阳枋(四川合州巴川人,今重庆铜梁区)在给南宋名将余玠的书信中称:“每岁入,步骑兵不下三、数万人。”
也就是说每年蒙古入侵巴蜀地区,兵马不超过三五万人,这种说法是比较符合客观实际的。
另外,蒙哥当年领兵入侵四川之时,总兵力为四万,号称十万。
而当时元将纽璘率军支援蒙古攻打重庆时,史书记载“军止二万”并以五千军马守成都,实际上只有“万五千人从马湖趋重庆”。
(万五千人,这属于古人的书写习惯,即一万五千人。)
马湖,长江上游干流金沙江流域湖泊,位于四川凉山彝族自治州雷波县境内,属于金沙江支流。
1274年,樊城沦陷,襄阳投降。
此时的忽必烈决定发动全面战争,当时蒙元将领们建议忽必烈:“我师南征,必为分三,旧军不足,非益兵十万不可。”
忽必烈下旨签军十万,而这一次签军也可以说是整个蒙元历史上最后一次大规模的签发汉军。
不管是元朝武将所说的“益军”还是忽必烈下旨所称的“签军”,意思都差不多,都是签发汉人丁壮当兵,也就是用强行抽调的丁壮组成军队。
说的直白一点就是抓壮丁。
整个忽必烈一朝,签发汉军就高达二十万之众。
加上蒙古一方拥有的蒙古、色目、汉军总人数,应当有五十余万之众。
这些汉军包括了原金国境内以及强行征兵的,还包括新附军在内。
赵与珞把蒙元的兵力配置娓娓道来。
现在的宋朝总兵力连人家蒙元的一个零头都不够。
众人听了赵与珞的情报分析,也是一片唏嘘。
赵与珞的分析让那些天天叫喊着北伐中原,决一死战的将领们沉默不语。
北伐?四万对五十万?这特么的不是去北伐,是去送死。
赵昺环视众人,缓声道:“朕曾言,北伐乃千秋之业,岂有一战定乾坤之理。故,当徐图缓进,步步为营,切不可操之过急。”

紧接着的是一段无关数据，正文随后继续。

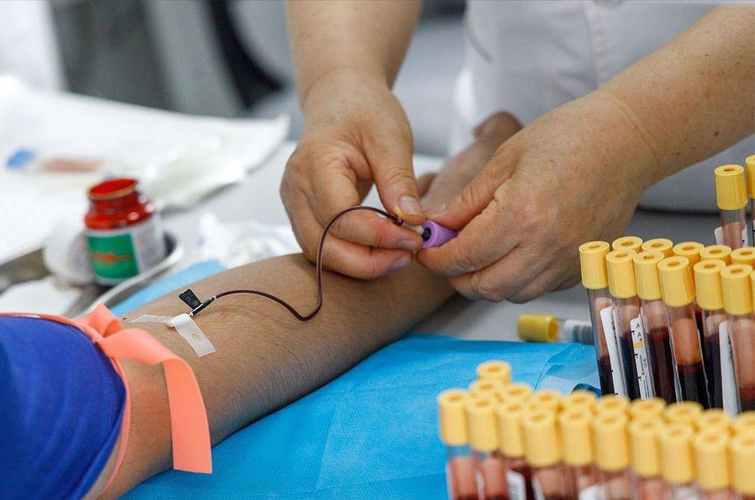 明天抽血查血脂今晚能进食吗？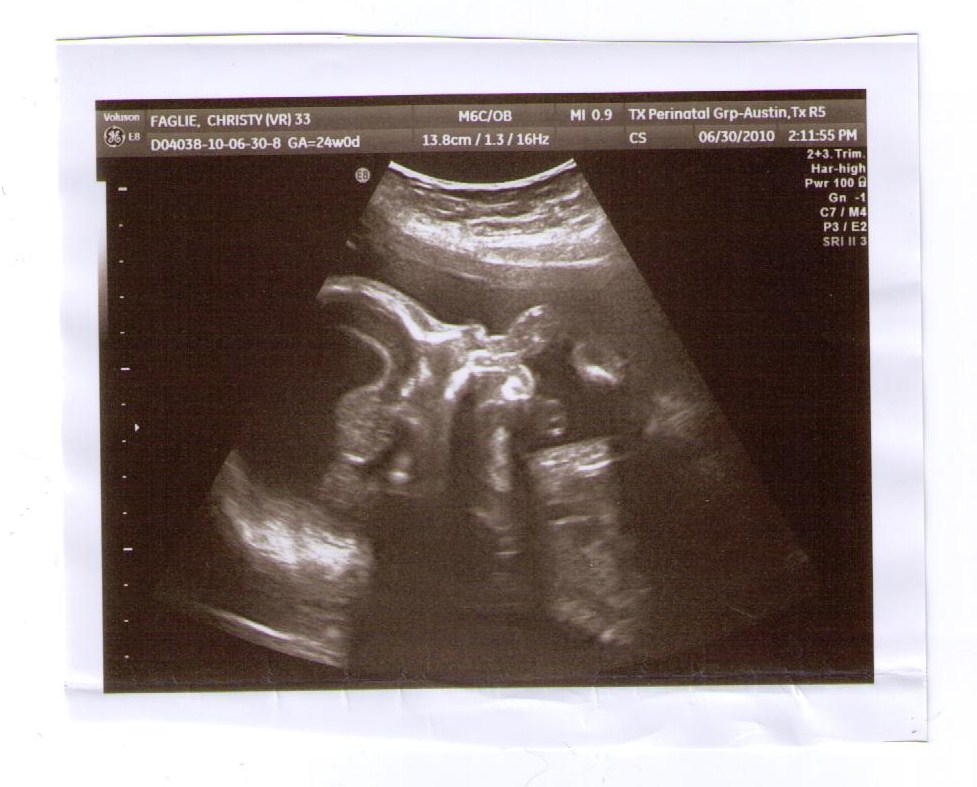 baby sonogram baby sonogram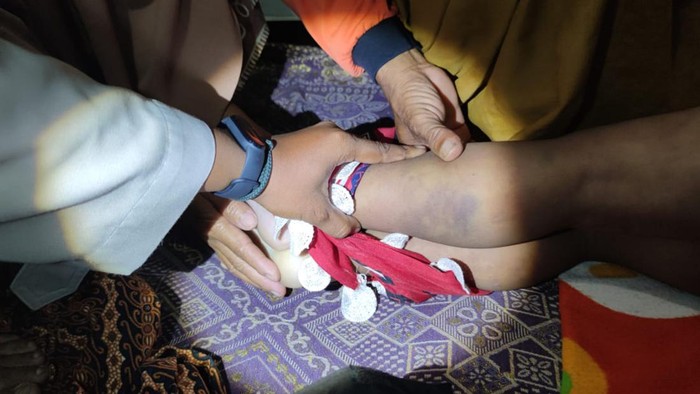 Kejam! Ibu Aniaya Anak Hingga Tewas, Main Pukul Mulai Kepala Hingga Kaki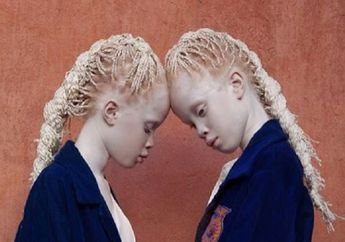 Ingat Lara dan Mara Bawar? Dua Kembar Negro Asal Brazil yang Unik, Begini Mereka Sekarang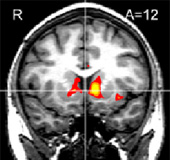 Shoppers brain scan: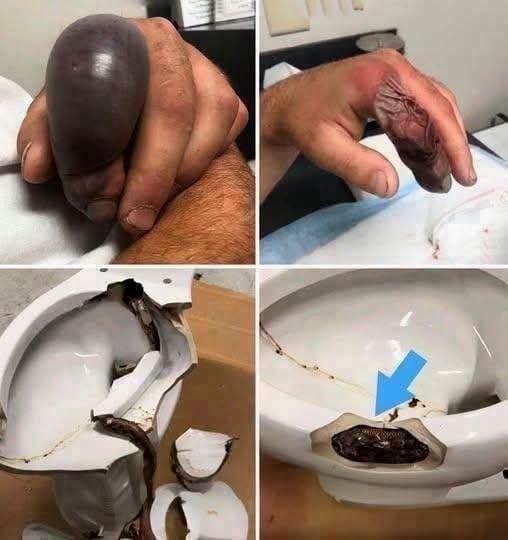 He went to the bathroom without knowing that there was a…See more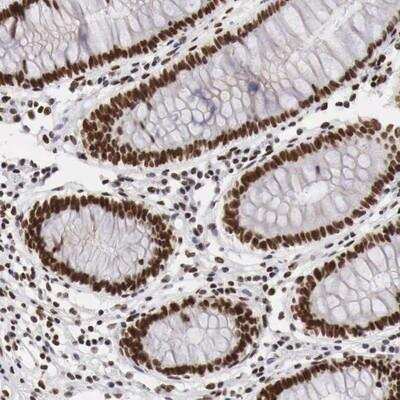 Immunohistochemistry-Paraffin PHF14 Antibody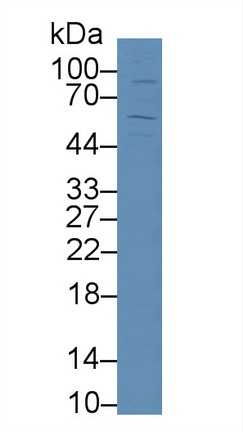 Polyclonal Antibody to Transferrin Receptor 2 (TFR2)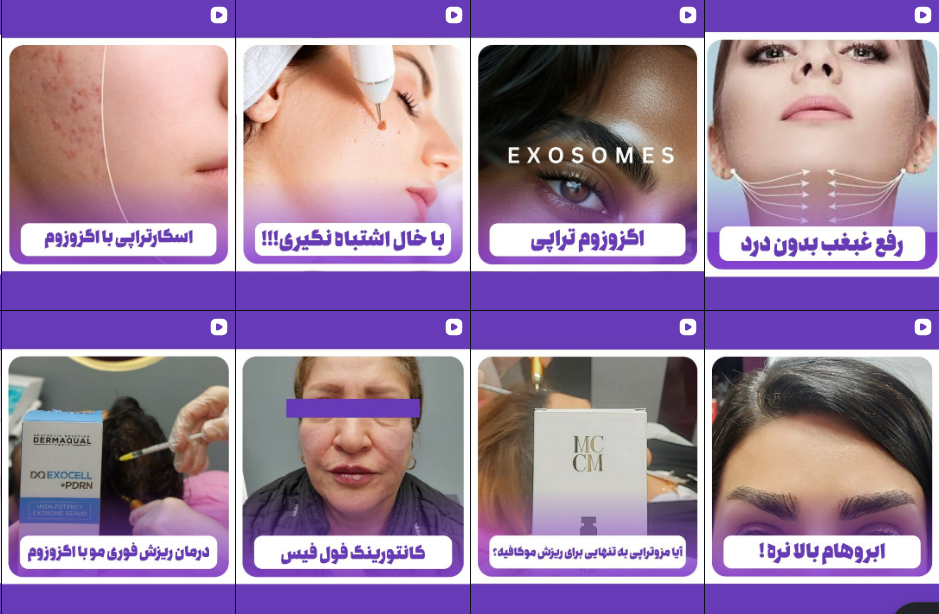 برترین مرکز مزوتراپی در کرج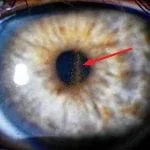 Eye color laser surgery Cost and Guide 9 heterochromia-pigmentary-glaucoma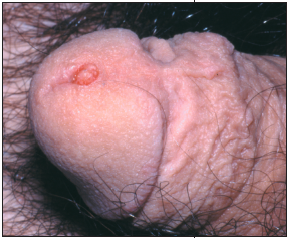 Condyloma Acuminatum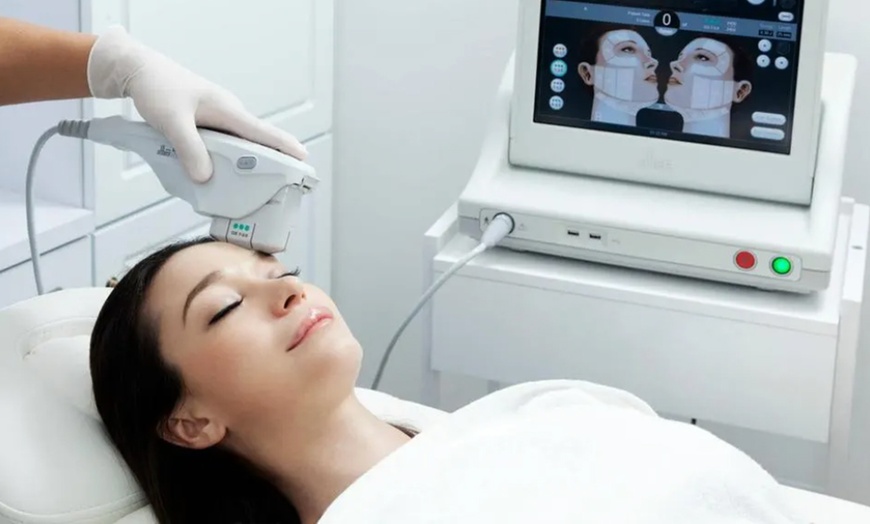 Image 1: Up to 48% Off on Ultherapy / Ultrasonic Facial at Benefit Aesthetics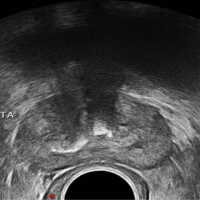 Ecografia de prostata transrectal  CON  biopsia Idime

“臣等谨遵官家教诲。”众人齐声应道,遂放下北伐执念,恭敬行礼。
纵观整个长达四十六年之久的宋蒙战争(1234-1279年),可以说是一场众与寡的较量,宋军人数远远超过了蒙元。
同时又是一场强与弱的对抗。
军队的战斗力并不是按照人数多寡而定的,更多的取决于军队的质量。这和人员配置、装备、训练以及管理密不可分。
南宋军队人数虽然较多,但军中盛行“专用贿赂”之风和“举代之弊”,致使其战斗力日益低下。
“无才能者、冒才能而进;无劳绩者,冒劳绩而用。”
“孤寒者”难以晋升;“多赀(zi,一声,同“资”)者”轻易显荣。
最扯蛋的是任人唯亲的举代制度,将领可不通过朝廷的批准便可以任命部将,只需要“径自报名”呈报备案即可。
人心涣散,纲纪荡然,武备松弛,武艺低劣,所以虏骑一来,将士解体,少有为国用命者。
崖山海战张弘范仅有三万人马,李恒不过两万人而已,加起来五万。
反观南宋小朝廷自福州入海,有正军十七万人,民兵三十万人。
即便是到了崖山,除去逃亡者之外,南宋尚且有二十万军民。又有陆秀夫、张世杰等人的苦苦支撑,终究还是无力回天。